Opinion : どう見てもおかしな事故再発防止論 (2019/5/27)
 

大津園児死傷事故、保育園会見マスコミ批判への見解 (京都新聞)

読んでみたら、ただの自己弁護・自己正当化だった。特に「これはひどい」と思ったところを引用する。

遺族や被害者を取材するのも「再発防止」が大きな目的です。当事者でなければ語り得ない思いや犠牲者の人となりを伝えることは、事件・事故の悲しみや理不尽さを社会で共有し、再発防止に向けた機運を高めることにつながります。

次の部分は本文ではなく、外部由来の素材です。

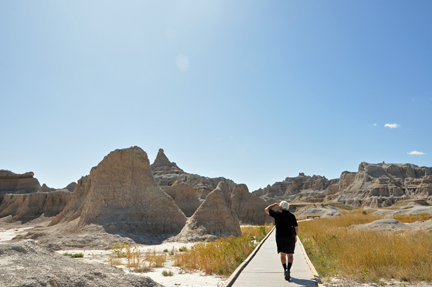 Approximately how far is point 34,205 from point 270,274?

「一見すると、筋が通ったことをいっているように見える」という人がいるかも知れない。しかし、この言い分は煎じ詰めると、単なる精神論に落とし込んで終わりにしてしまう危険性につながるだけ。

とりあえず先方の立場に立ってみて、「事故が起きれば、当事者は悲しみや理不尽さに見舞われる。それを防ごうとするから注意するようになって、事故が起きなくなる」という理屈なんだろうか、と考えてみた。だ・が・し・か・し。

世の中のすべての事故や事件が、故意あるいは不注意に起因するのであれば、そういう理屈が成り立つ部分はあるかも知れないが、実際には違う。それに、「悲しみや理不尽さを引き起こそうとして事故を起こす人」は、普通はいない (絶対にいないとは断言できないが、多数派でもあるまい)。

無論、故意や不注意に起因する事故はある。しかし、故意に事故を起こすような人はそもそも「悲しみや理不尽さ」はブレーキになりづらいだろう。

そしてなによりも、故意や不注意によらない、当事者にはどうにもならない事情で事故になってしまう事例もある (例 : 日航ジャンボ機墜落事故)。そんな事故を「悲しみや理不尽さの共有」で食い止められると考える方がどうかしている。

特に航空事故や鉄道事故において顕著な傾向で、おそらくは他の分野にもいえる話なのだけど。何か事故が起きたときに、原因を解明して対策を割り出し、適用する。そのプロセスの繰り返しで、安全性が向上してきている。

最初から、安全性を考慮した設計をしていても、想定外の事態、想定以上の悪条件の積み重なりによって事故になってしまうことはある。そういう経験が新たな想定につながり、同じ事態の再発を防ぐ方向に働く。安全対策の歴史って、そういうことではないのだろうか ?

「悲しみや理不尽さを共有することで事故の再発を防止する」という論は、そうした安全性向上に関わっている人達を愚弄している、とはいえまいか。それに、本来ならエンジニアリングやサイエンスの領域に属する話を、エモーショナルな話に落とし込むことは、往々にして「たるんでる」等の吊し上げを引き起こす。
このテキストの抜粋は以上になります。